▸ Scraped caption text data:
********************
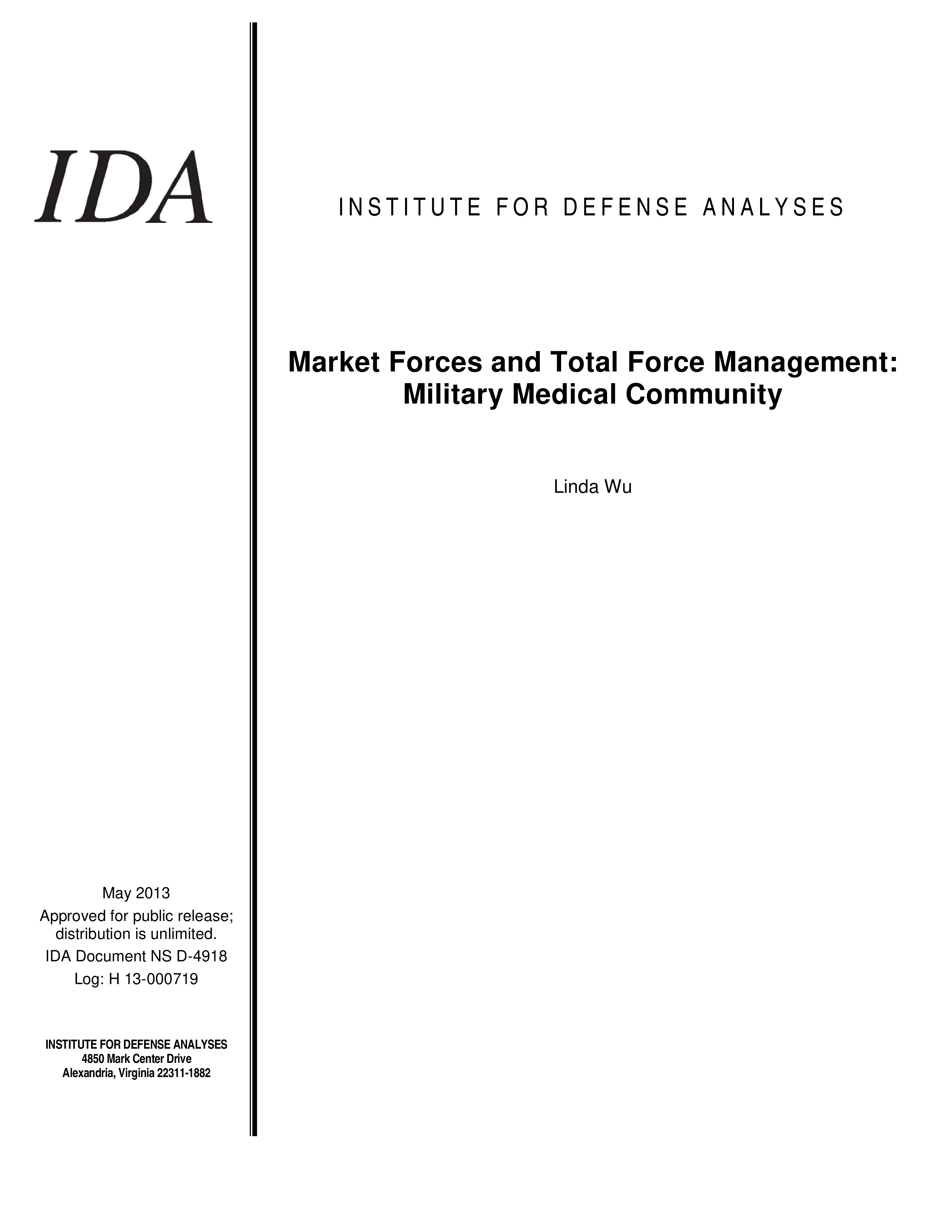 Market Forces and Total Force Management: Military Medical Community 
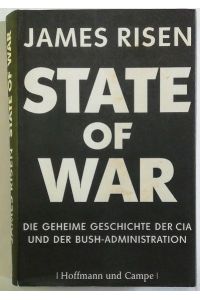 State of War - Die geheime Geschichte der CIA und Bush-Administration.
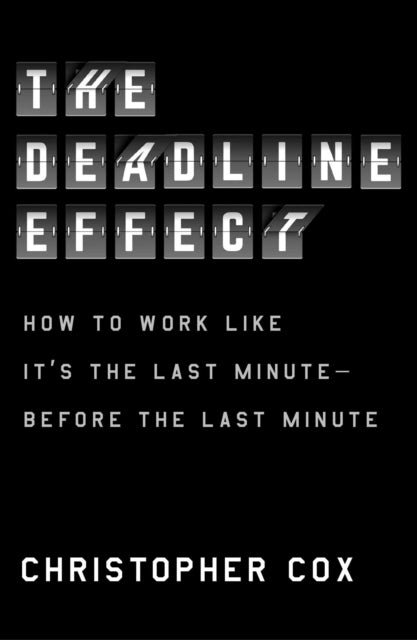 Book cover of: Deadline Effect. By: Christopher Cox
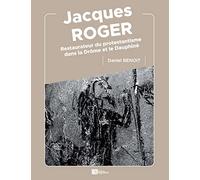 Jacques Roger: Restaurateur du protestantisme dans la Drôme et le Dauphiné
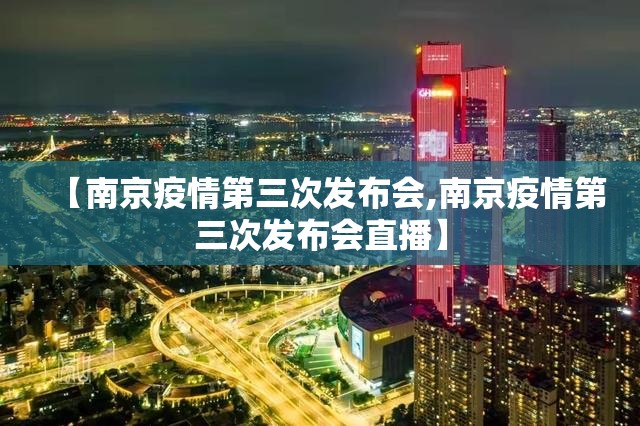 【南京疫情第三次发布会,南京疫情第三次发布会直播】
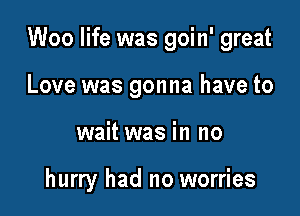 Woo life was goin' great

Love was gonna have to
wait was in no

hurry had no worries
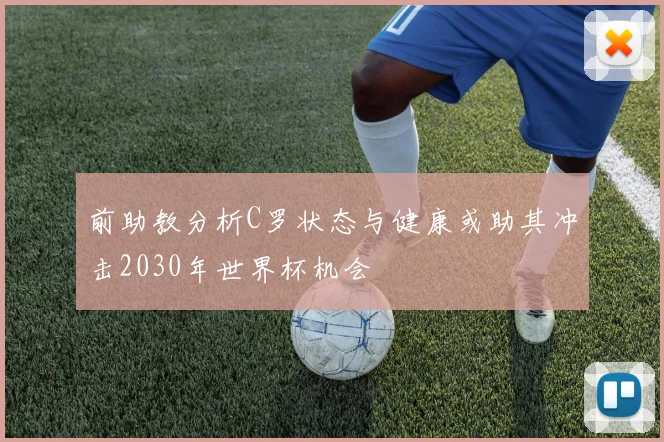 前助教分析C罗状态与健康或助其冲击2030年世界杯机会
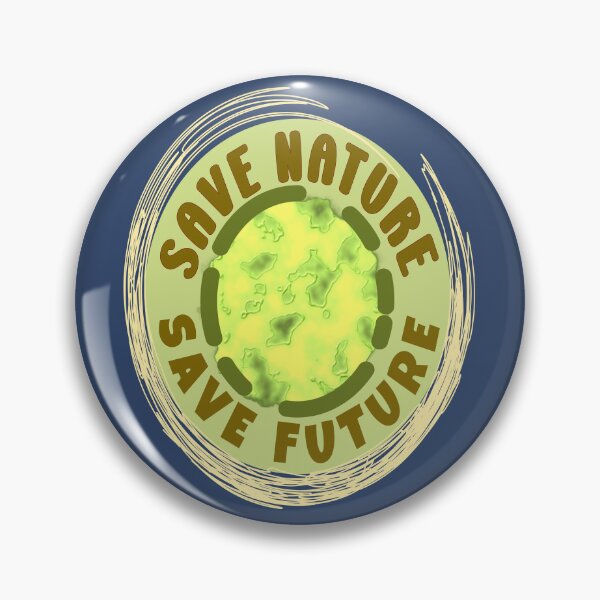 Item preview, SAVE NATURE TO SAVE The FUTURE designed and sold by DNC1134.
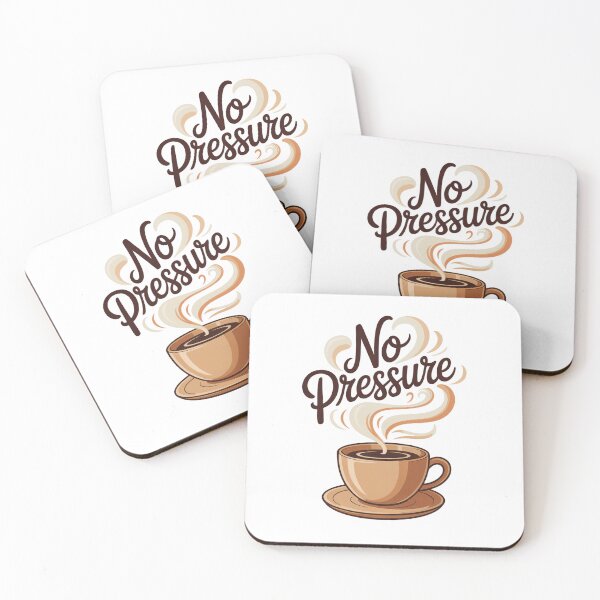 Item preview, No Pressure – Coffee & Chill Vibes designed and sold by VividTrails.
********************
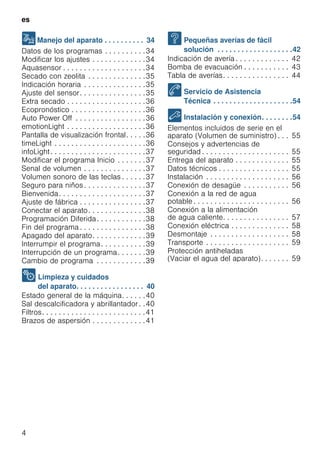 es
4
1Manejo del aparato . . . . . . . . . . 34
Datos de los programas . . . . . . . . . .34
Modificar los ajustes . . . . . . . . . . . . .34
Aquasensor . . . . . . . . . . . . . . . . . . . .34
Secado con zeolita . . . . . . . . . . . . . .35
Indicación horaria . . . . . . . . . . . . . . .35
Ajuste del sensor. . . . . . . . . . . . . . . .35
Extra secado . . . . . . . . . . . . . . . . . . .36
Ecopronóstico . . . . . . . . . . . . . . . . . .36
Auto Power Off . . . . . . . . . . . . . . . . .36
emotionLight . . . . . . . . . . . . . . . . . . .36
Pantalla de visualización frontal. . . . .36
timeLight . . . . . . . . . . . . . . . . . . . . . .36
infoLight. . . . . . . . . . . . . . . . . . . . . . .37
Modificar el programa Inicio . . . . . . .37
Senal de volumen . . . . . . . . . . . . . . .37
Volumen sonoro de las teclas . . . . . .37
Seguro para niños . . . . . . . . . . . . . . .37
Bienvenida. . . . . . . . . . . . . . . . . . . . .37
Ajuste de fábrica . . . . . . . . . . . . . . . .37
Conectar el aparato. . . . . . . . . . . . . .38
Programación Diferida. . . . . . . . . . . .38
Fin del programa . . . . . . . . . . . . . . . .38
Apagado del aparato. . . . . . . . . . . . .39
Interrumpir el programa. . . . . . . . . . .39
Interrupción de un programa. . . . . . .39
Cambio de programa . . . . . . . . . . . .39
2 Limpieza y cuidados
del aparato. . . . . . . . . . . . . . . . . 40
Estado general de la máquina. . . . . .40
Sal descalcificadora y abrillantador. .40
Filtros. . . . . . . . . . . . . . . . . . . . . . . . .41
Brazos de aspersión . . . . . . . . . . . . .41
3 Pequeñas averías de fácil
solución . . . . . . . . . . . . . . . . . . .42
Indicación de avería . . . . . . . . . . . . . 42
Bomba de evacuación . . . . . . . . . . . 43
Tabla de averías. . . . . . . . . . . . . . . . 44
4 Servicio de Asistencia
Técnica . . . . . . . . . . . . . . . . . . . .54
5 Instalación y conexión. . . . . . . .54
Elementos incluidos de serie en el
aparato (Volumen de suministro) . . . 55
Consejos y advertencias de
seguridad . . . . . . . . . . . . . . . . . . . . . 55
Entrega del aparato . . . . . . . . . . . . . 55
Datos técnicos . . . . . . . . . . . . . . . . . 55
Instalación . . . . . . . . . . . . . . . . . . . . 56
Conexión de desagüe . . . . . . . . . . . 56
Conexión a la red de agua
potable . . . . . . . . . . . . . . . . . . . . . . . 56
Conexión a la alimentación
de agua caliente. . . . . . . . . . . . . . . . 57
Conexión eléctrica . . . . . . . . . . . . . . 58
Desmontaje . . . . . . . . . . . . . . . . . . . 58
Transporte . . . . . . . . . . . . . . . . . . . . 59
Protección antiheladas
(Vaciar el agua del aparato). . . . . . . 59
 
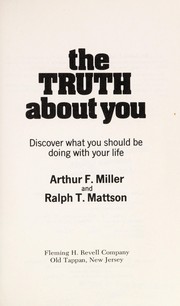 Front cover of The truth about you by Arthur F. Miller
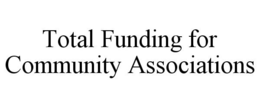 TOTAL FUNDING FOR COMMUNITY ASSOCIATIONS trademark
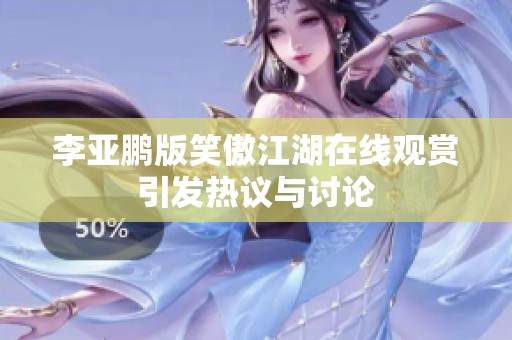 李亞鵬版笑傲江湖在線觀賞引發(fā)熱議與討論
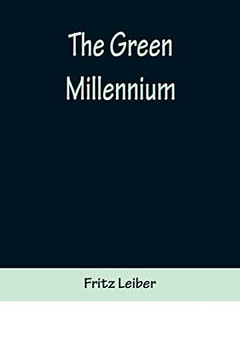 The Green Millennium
********************
▸ Exercise: Output only an exact transcription of the lines above from the one with "Técnica . ." up to and including the one with "Datos técnicos .".

▸ Response for this exercise:
Técnica . . . . . . . . . . . . . . . . . . . .54
5 Instalación y conexión. . . . . . . .54
Elementos incluidos de serie en el
aparato (Volumen de suministro) . . . 55
Consejos y advertencias de
seguridad . . . . . . . . . . . . . . . . . . . . . 55
Entrega del aparato . . . . . . . . . . . . . 55
Datos técnicos . . . . . . . . . . . . . . . . . 55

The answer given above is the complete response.